This doesn’t seem ‘weird’ enough to me to be considered a wholly different sexual orientation. In fact I’d say probably most people only want to have sex with someone they have a strong bond with someone. In fact a lot of mating strategies used by the aggressively promiscuous involve getting around this preference. Demisexuality would therefore be considered to be a preference rather than an orientation.

But the site I read asserts differently. It paints a picture of a person who simply does not experience sexual attraction, towards anyone, until they have an emotional bond with that person. It then goes on to state that it presents these people with problems making friends and romantic partners.
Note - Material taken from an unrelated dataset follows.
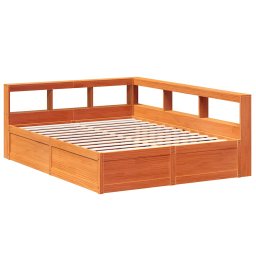 vidaXL Bed met boekenkast zonder matras grenenhout wasbruin 150x200 cm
I don’t disagree that these social dynamics exist among people with these kinds of preferences, but I don’t really see any of this as deserving of the framing of sexual orientation. I will go on to assert that you can’t possibly know your own sexual orientation until you’ve actually experimented with it and understand thoroughly how your mind responds to certain situations. If you keep experimenting, you will be discovering things about your sexuality for your entire life.

I daresay that you won’t know if you even have a sexual orientation at all until you’re in your thirties. Yes, I believe “no sexual orientation at all” is a thing, this means that none of your sexual patterns rise above the level of preference.

If you had caught me 5 years ago with this concept, I’d have sworn up and down that I was demisexual. In reality I was just extremely sexually awkward. I’d had just enough sexual experiences to know that I just wasn’t going to be able to find satisfaction the way it seems other people do. As I grew and matured I lost enough of the awkwardness to understand my earlier experiences better. I am still experimenting and exploring and plan to keep doing so until they put me in the dirt.